Data records:
● ● ● ● ●
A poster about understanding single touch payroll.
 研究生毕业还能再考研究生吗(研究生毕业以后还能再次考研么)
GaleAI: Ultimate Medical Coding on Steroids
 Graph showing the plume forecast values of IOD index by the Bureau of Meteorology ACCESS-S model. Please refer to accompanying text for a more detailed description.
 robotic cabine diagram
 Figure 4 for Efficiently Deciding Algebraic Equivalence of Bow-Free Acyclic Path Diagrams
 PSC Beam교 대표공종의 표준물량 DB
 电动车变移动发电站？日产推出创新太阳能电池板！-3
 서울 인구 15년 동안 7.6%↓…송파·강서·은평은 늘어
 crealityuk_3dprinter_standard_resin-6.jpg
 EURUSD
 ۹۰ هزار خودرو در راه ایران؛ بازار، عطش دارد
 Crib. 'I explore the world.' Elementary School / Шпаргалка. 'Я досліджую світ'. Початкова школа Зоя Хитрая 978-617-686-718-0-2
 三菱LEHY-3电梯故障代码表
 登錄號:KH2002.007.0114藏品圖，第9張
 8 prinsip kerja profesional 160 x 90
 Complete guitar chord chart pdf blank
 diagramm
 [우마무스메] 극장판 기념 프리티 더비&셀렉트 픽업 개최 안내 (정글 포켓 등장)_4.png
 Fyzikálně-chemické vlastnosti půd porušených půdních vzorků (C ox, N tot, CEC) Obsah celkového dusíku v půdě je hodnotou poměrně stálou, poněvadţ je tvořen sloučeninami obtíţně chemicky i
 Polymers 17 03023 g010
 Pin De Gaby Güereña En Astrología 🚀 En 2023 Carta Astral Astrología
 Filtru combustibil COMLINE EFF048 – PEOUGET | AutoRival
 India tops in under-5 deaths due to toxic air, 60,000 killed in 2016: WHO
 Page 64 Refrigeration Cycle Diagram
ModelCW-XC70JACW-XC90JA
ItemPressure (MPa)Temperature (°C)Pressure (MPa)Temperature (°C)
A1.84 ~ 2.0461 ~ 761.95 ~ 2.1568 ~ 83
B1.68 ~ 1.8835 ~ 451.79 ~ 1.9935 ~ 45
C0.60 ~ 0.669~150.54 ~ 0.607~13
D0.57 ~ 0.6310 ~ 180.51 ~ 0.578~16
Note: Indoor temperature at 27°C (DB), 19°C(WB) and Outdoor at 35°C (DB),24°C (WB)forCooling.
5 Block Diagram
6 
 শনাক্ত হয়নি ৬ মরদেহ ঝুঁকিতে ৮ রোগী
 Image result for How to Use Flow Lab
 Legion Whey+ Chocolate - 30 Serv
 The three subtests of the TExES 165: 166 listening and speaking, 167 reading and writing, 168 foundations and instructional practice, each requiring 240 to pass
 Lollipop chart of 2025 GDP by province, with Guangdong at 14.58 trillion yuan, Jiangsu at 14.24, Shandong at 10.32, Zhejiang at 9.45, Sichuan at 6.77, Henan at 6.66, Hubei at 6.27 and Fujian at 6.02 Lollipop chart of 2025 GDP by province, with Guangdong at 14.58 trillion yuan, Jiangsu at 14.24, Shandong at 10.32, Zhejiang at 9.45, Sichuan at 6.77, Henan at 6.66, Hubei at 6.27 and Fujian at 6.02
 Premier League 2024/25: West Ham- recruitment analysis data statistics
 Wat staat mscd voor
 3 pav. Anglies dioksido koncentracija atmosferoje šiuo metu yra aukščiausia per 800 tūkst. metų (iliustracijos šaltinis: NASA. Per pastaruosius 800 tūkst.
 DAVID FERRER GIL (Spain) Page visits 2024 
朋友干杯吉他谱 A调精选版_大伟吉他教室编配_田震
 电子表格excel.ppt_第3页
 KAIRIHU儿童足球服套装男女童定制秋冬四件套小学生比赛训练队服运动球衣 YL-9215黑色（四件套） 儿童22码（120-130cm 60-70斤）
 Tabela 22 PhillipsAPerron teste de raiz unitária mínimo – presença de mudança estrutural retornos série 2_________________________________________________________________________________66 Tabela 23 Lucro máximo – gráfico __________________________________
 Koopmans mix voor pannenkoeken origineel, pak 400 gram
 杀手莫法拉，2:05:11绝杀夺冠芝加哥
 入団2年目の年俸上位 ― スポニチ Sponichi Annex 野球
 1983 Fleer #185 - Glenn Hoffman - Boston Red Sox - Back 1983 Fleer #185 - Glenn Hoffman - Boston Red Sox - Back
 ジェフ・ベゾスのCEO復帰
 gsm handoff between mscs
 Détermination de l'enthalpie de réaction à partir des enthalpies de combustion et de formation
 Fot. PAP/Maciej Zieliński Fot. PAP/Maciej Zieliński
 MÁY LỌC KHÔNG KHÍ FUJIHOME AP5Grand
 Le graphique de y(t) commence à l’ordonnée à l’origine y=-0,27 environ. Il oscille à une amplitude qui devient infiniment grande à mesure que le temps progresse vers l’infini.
● ● ● ● ●
YOUR GOAL → Output every record above exactly as it was given.

WRITTEN REPLY →
A poster about understanding single touch payroll.
 研究生毕业还能再考研究生吗(研究生毕业以后还能再次考研么)
GaleAI: Ultimate Medical Coding on Steroids
 Graph showing the plume forecast values of IOD index by the Bureau of Meteorology ACCESS-S model. Please refer to accompanying text for a more detailed description.
 robotic cabine diagram
 Figure 4 for Efficiently Deciding Algebraic Equivalence of Bow-Free Acyclic Path Diagrams
 PSC Beam교 대표공종의 표준물량 DB
 电动车变移动发电站？日产推出创新太阳能电池板！-3
 서울 인구 15년 동안 7.6%↓…송파·강서·은평은 늘어
 crealityuk_3dprinter_standard_resin-6.jpg
 EURUSD
 ۹۰ هزار خودرو در راه ایران؛ بازار، عطش دارد
 Crib. 'I explore the world.' Elementary School / Шпаргалка. 'Я досліджую світ'. Початкова школа Зоя Хитрая 978-617-686-718-0-2
 三菱LEHY-3电梯故障代码表
 登錄號:KH2002.007.0114藏品圖，第9張
 8 prinsip kerja profesional 160 x 90
 Complete guitar chord chart pdf blank
 diagramm
 [우마무스메] 극장판 기념 프리티 더비&셀렉트 픽업 개최 안내 (정글 포켓 등장)_4.png
 Fyzikálně-chemické vlastnosti půd porušených půdních vzorků (C ox, N tot, CEC) Obsah celkového dusíku v půdě je hodnotou poměrně stálou, poněvadţ je tvořen sloučeninami obtíţně chemicky i
 Polymers 17 03023 g010
 Pin De Gaby Güereña En Astrología 🚀 En 2023 Carta Astral Astrología
 Filtru combustibil COMLINE EFF048 – PEOUGET | AutoRival
 India tops in under-5 deaths due to toxic air, 60,000 killed in 2016: WHO
 Page 64 Refrigeration Cycle Diagram
ModelCW-XC70JACW-XC90JA
ItemPressure (MPa)Temperature (°C)Pressure (MPa)Temperature (°C)
A1.84 ~ 2.0461 ~ 761.95 ~ 2.1568 ~ 83
B1.68 ~ 1.8835 ~ 451.79 ~ 1.9935 ~ 45
C0.60 ~ 0.669~150.54 ~ 0.607~13
D0.57 ~ 0.6310 ~ 180.51 ~ 0.578~16
Note: Indoor temperature at 27°C (DB), 19°C(WB) and Outdoor at 35°C (DB),24°C (WB)forCooling.
5 Block Diagram
6 
 শনাক্ত হয়নি ৬ মরদেহ ঝুঁকিতে ৮ রোগী
 Image result for How to Use Flow Lab
 Legion Whey+ Chocolate - 30 Serv
 The three subtests of the TExES 165: 166 listening and speaking, 167 reading and writing, 168 foundations and instructional practice, each requiring 240 to pass
 Lollipop chart of 2025 GDP by province, with Guangdong at 14.58 trillion yuan, Jiangsu at 14.24, Shandong at 10.32, Zhejiang at 9.45, Sichuan at 6.77, Henan at 6.66, Hubei at 6.27 and Fujian at 6.02 Lollipop chart of 2025 GDP by province, with Guangdong at 14.58 trillion yuan, Jiangsu at 14.24, Shandong at 10.32, Zhejiang at 9.45, Sichuan at 6.77, Henan at 6.66, Hubei at 6.27 and Fujian at 6.02
 Premier League 2024/25: West Ham- recruitment analysis data statistics
 Wat staat mscd voor
 3 pav. Anglies dioksido koncentracija atmosferoje šiuo metu yra aukščiausia per 800 tūkst. metų (iliustracijos šaltinis: NASA. Per pastaruosius 800 tūkst.
 DAVID FERRER GIL (Spain) Page visits 2024 
朋友干杯吉他谱 A调精选版_大伟吉他教室编配_田震
 电子表格excel.ppt_第3页
 KAIRIHU儿童足球服套装男女童定制秋冬四件套小学生比赛训练队服运动球衣 YL-9215黑色（四件套） 儿童22码（120-130cm 60-70斤）
 Tabela 22 PhillipsAPerron teste de raiz unitária mínimo – presença de mudança estrutural retornos série 2_________________________________________________________________________________66 Tabela 23 Lucro máximo – gráfico __________________________________
 Koopmans mix voor pannenkoeken origineel, pak 400 gram
 杀手莫法拉，2:05:11绝杀夺冠芝加哥
 入団2年目の年俸上位 ― スポニチ Sponichi Annex 野球
 1983 Fleer #185 - Glenn Hoffman - Boston Red Sox - Back 1983 Fleer #185 - Glenn Hoffman - Boston Red Sox - Back
 ジェフ・ベゾスのCEO復帰
 gsm handoff between mscs
 Détermination de l'enthalpie de réaction à partir des enthalpies de combustion et de formation
 Fot. PAP/Maciej Zieliński Fot. PAP/Maciej Zieliński
 MÁY LỌC KHÔNG KHÍ FUJIHOME AP5Grand
 Le graphique de y(t) commence à l’ordonnée à l’origine y=-0,27 environ. Il oscille à une amplitude qui devient infiniment grande à mesure que le temps progresse vers l’infini.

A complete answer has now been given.